I'm not a big believer in the solunar tables as triggers for fish feeding but the moon does play a part, there's unquestionably a buildup in feeding activity in the week before the full moon and fishing is better at night if there is no moon at all. so its worth keeping those two in mind. You still have to find the fish though.
Fish can't eat without someting to eat and the better catches come when there is lots of bait around. March to July(white pilchards) and November to January(frogmouth pilchards) usually sees big schools of bait entering the seaway and broadwater, find the bait and you can usually find the fish. If you find the bait and there's nothing feeding on it the fish may be waiting until the tide or time of day changes to commence feeding.

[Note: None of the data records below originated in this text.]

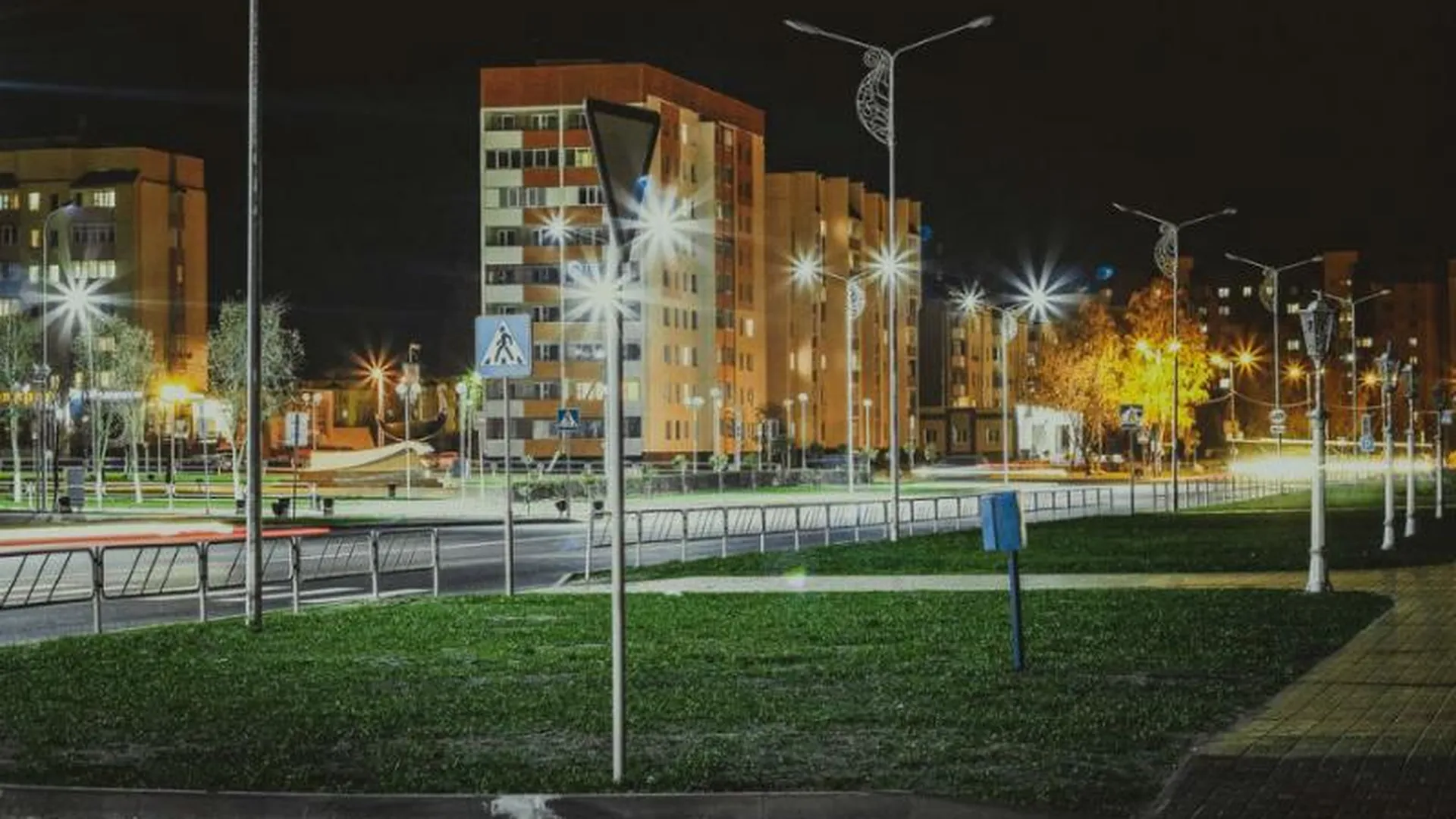 Системы уличного освещения модернизируют в военных городках региона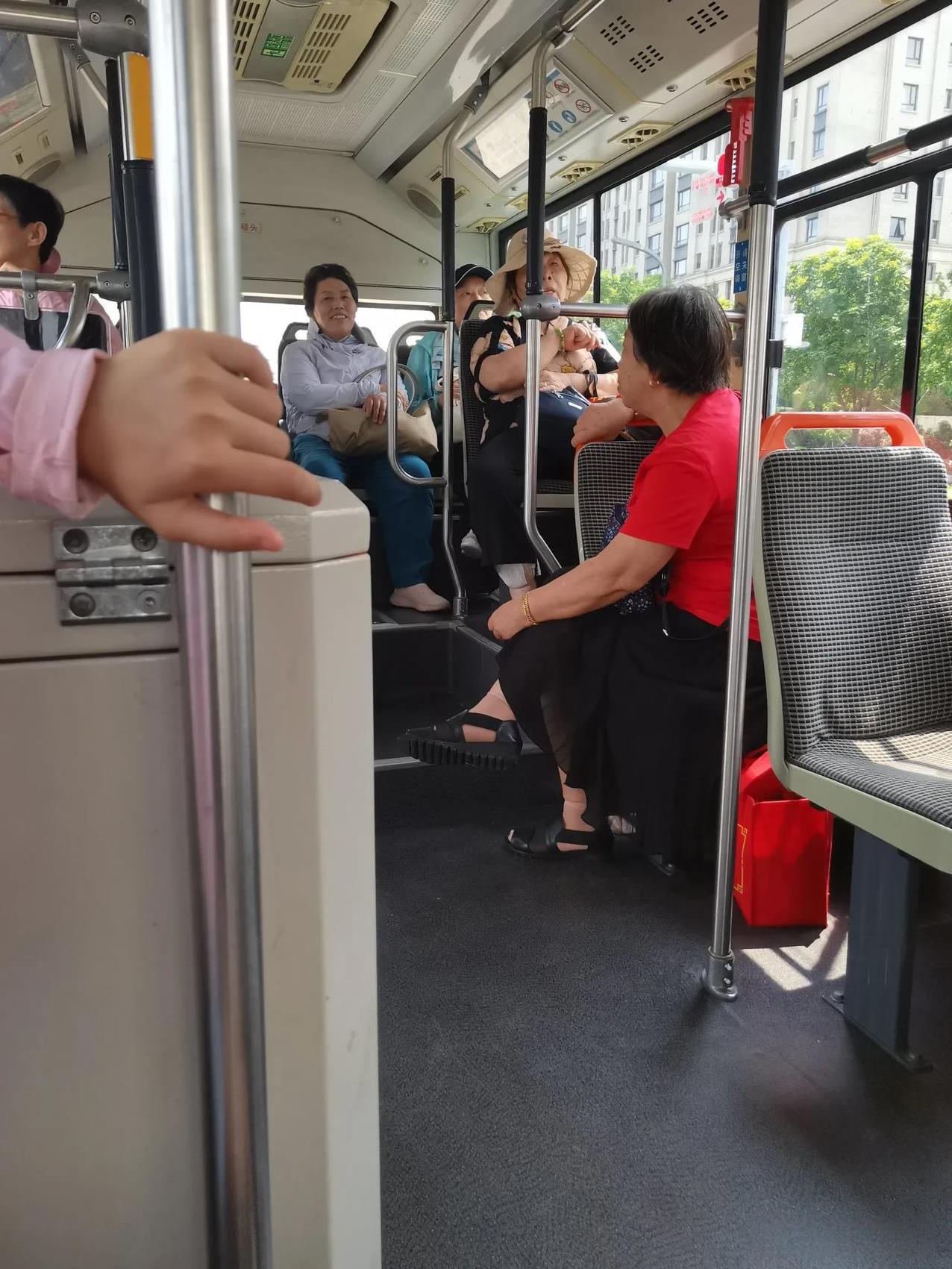 怪不得公交越来越萎缩了！看看公交都是哪些人在坐！坐标苏州，今天带着孩子想去寒山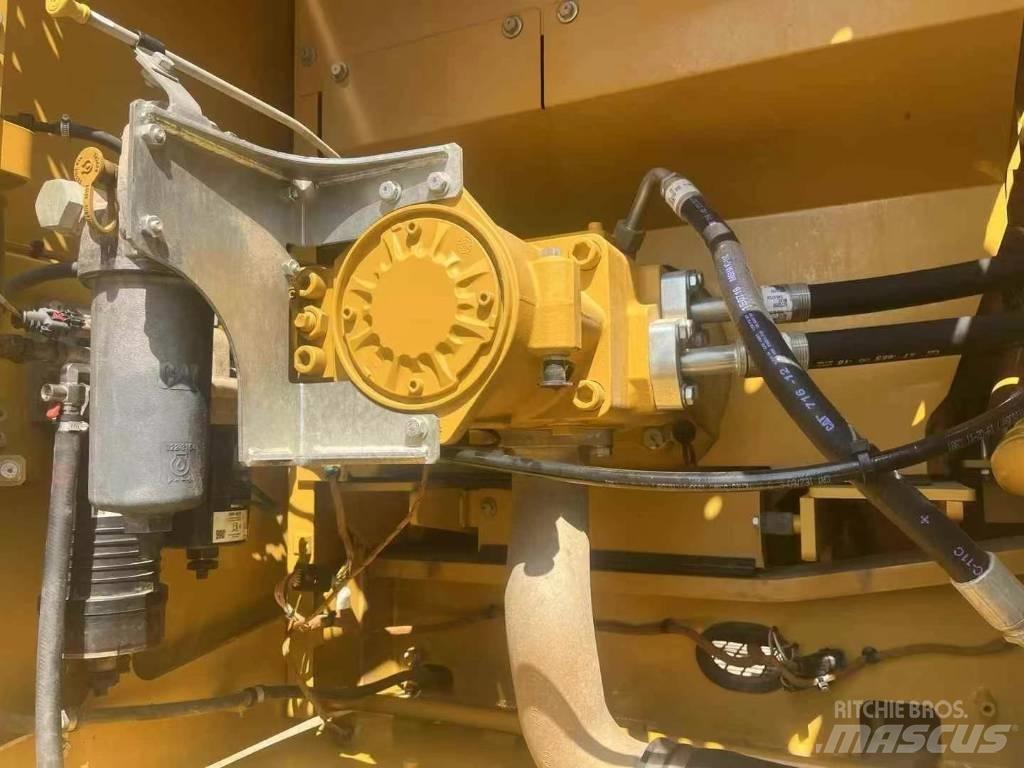 CAT 330 Bageri gusjeničari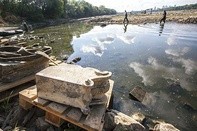 Wisła odkrywa także swoje skarby. Latem 2015 r. niski stan wody odsłonił wiele zabytków z potopu szwedzkiego.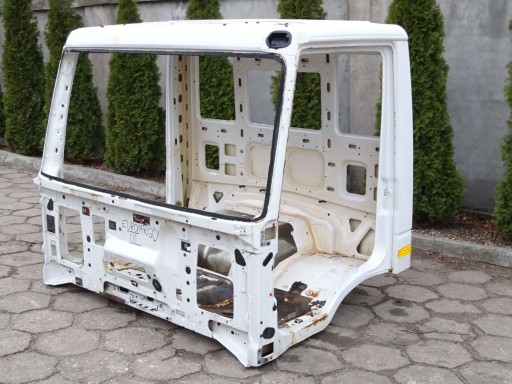 IVECO EUROCARGO III 08-15 ЧЕТВЕРТЬ ЛЕВАЯ ПЕРЕДНЯЯ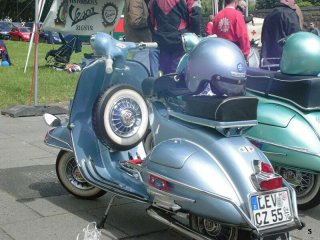 60 years of Vespa ride - 2006 pictures from Duesseldorf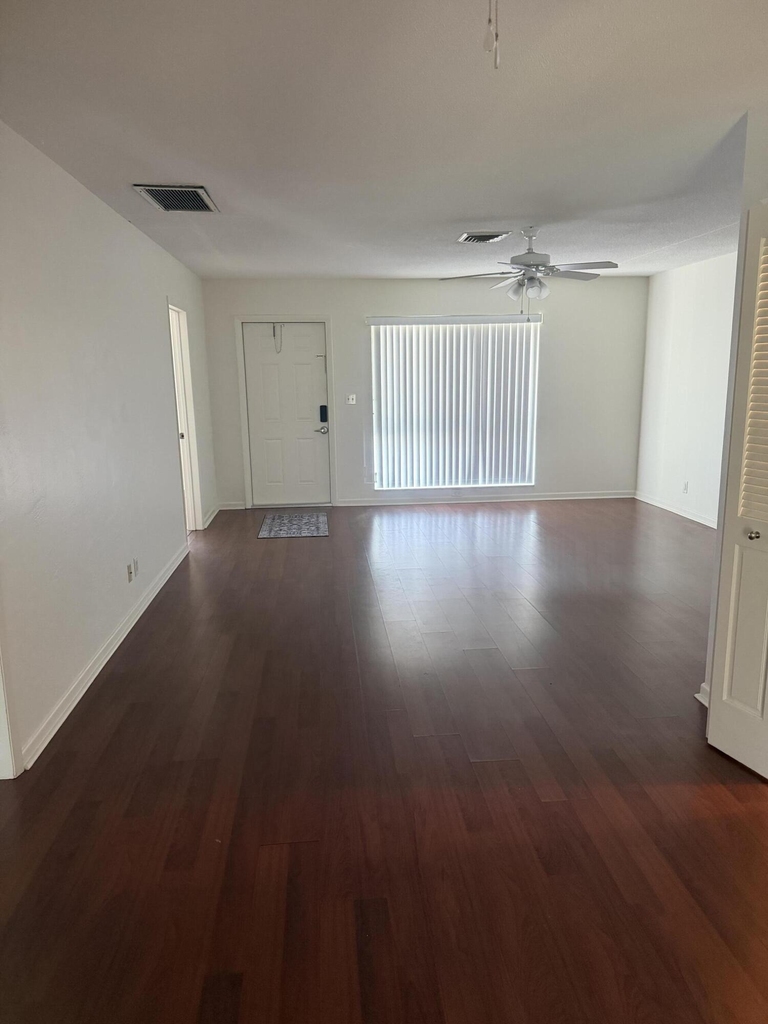 1151 Ne 26th Avenue - Photo 5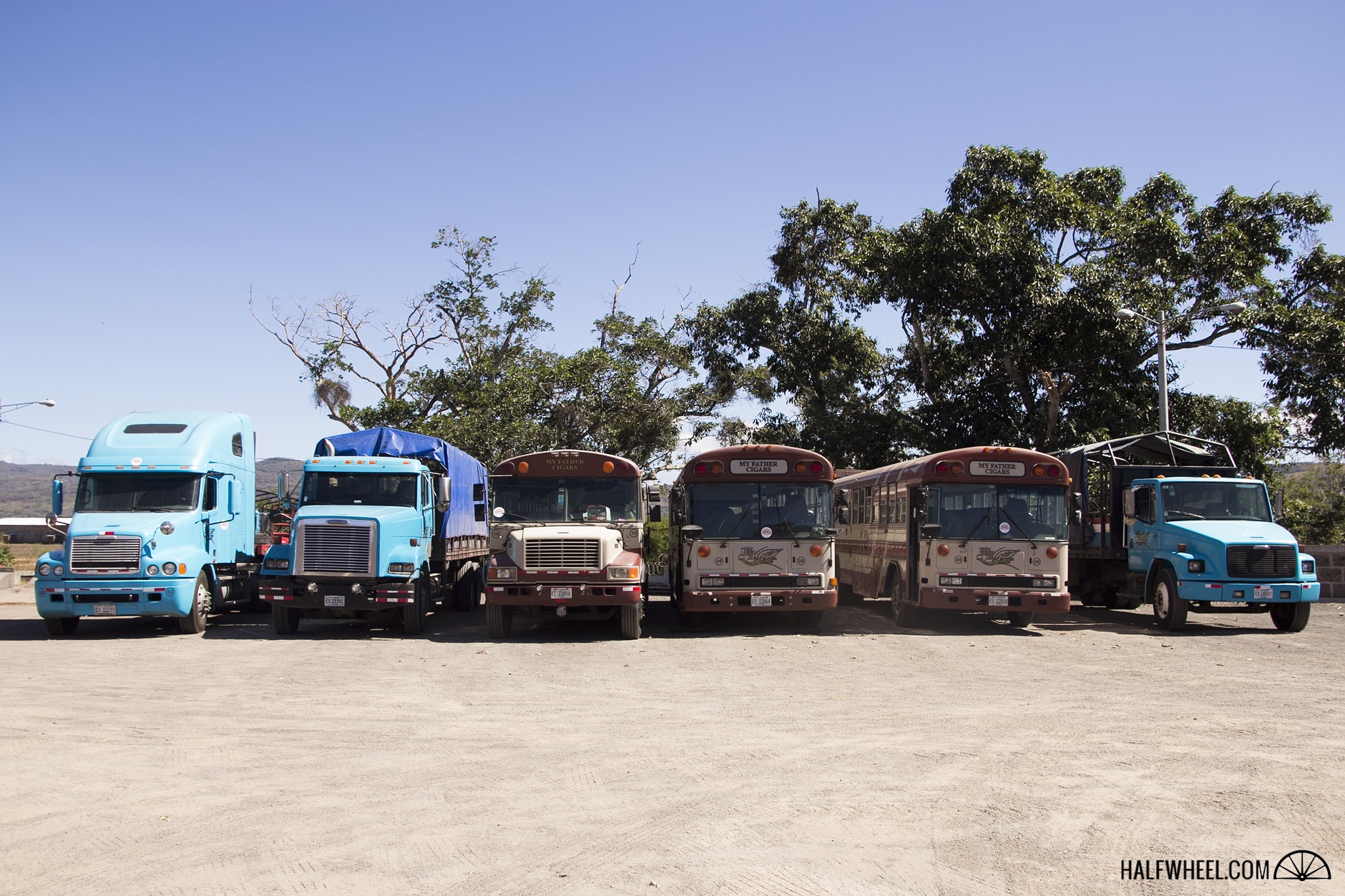 purosabor-nicaragua-2017-day-4-my-father-trucks-busses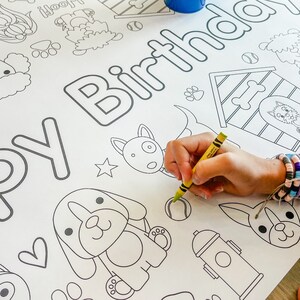Pu&ograve; includere: Una pagina da colorare in bianco e nero con tema di festa di compleanno per cani. La pagina include una cuccia per cani, un idrante, un osso e diversi cani. Il testo "Buon compleanno" &egrave; scritto nella parte superiore della pagina.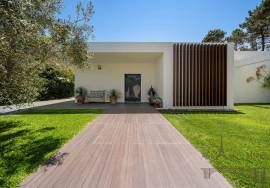 Magnificent T4 villa with swimming pool, large garage and garden in Aroeira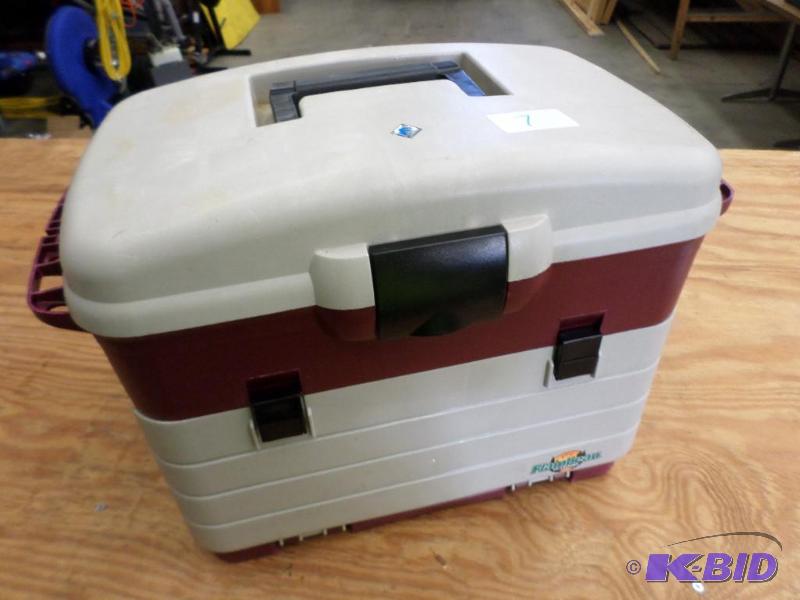 lot 7 image: Flambeau Multi-Compartment Tackle Box...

So thats it, there's a few feeding triggers for you to consider. Fish can and will ignore these and feed whenever the hell they feel like it but I've found more often than not planning a trip around these elements, especially trips where I can stack some of these in a row are trips that are the most successful.
Yep good tips, can’t wait to get up there and have a fish, It seams to be a lot more productive than the tweed, Thanks for sharing, Ps also love the site, Jase,
You must be logged in to post a comment.
Excellent topics like these are why we need to keep this site going. Kudos to you Craig and thanks again for the wonderful information.